Nos braços de David Rocha, a embuia de uma velha mesa e a araucária de uma antiga gaveta, ambas encontradas no lixo e transformadas em violino, levam música à periferia de São Paulo. O instrumento foi fabricado pelo próprio musicista, de 22 anos.
O violino é o primeiro feito pelo luthier – profissional que constrói instrumentos musicais – com madeiras encontradas em um entulho e o que tem um valor especial para ele. “Gosto mais do violino que fiz do que aquele que comprei. É algo inexplicável. O som é especial”, diz o paulistano de São Miguel Paulista, na zona leste da cidade. 
Com o que descobre no lixo, Rocha já construiu rabecas (instrumento tipicamente nordestino), violão, cavaquinho, bandolim e até uma harpa, sua nova paixão. “As cordas são de um violão velho e os pinos, de um piano antigo”, conta. “Sou o único que sabe fazer esse tipo de instrumento na oficina e aprendi a tocá-lo sozinho.”  Na oficina de luteria, onde a madeira de abeto norueguês encontrada no Mercado Municipal de São Paulo dará origem ao tampo de um cavaquinho, Rocha é, além de aprendiz, monitor de outros alunos. O trabalho realizado no Galpão de Cultura e Cidadania e mantido pela Fundação Tide Setúbal, na zona leste da capital, dá ao jovem uma renda mensal.
Apaixonado pela música desde a infância, foi aos 16 anos que ele ganhou seu primeiro violão, comprado pelos pais em várias parcelas.
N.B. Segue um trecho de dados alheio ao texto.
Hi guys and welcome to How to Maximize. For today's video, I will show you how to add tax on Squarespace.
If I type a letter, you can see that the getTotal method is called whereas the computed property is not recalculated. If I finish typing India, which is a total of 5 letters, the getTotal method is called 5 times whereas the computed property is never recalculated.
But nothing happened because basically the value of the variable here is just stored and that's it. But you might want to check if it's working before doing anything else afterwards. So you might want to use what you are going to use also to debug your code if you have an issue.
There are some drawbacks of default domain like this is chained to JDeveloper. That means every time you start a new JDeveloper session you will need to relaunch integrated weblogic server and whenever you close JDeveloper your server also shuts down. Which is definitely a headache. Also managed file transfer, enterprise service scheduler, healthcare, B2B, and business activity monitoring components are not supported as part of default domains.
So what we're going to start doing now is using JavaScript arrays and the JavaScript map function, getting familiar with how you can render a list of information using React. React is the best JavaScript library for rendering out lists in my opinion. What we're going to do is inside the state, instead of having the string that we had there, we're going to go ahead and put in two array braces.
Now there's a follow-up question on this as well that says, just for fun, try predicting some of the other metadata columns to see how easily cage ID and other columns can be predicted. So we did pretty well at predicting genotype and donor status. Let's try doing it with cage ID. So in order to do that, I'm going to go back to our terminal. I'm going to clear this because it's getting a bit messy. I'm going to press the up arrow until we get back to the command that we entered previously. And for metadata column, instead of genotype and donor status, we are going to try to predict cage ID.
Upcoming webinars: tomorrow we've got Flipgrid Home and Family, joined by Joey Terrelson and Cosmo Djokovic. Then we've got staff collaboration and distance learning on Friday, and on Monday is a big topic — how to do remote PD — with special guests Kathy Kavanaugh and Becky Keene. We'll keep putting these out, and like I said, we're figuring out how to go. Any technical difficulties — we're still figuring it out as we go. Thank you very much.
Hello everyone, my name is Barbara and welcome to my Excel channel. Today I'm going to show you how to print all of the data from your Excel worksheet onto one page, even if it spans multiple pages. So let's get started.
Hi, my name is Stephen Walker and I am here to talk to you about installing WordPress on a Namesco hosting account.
Teve aulas de violino e conheceu o curso de luteria aos 18 anos. “Como no Brasil tudo é caro, resolvi recolher as madeiras do lixo. Elas são melhores, pois são envelhecidas naturalmente, o que faz o som ter alta qualidade.”
Especialista em identificar tábuas de onde podem sair algum som, o jovem diz identificar a madeira pelo cheiro, pelo desenho e pela acústica de cada peça. “Bato na madeira para identificar a vibração”. Atento ao caminho percorrido com a reportagem da Folha Universal, ele encontra uma cama de marfim jogada na rua. “Depois eu volto para pegar”, sorri. 
Ainda que tocar música e construir instrumentos envolvam processos diferentes, a paixão de Rocha pelas duas atividades é a mesma. Além de ter o próprio ateliê, ele sonha com o dia em que poderá tocar o violino que fez na Sala São Paulo. “É onde as melhores orquestras se apresentam”, diz ele, referindo-se à sede da Orquestra Sinfônica de São Paulo (Osesp) e uma das mais importantes salas de concertos do País. Do dó ao si, Rocha já sabe como fazer o ré, mi, fá, sol para chegar lá.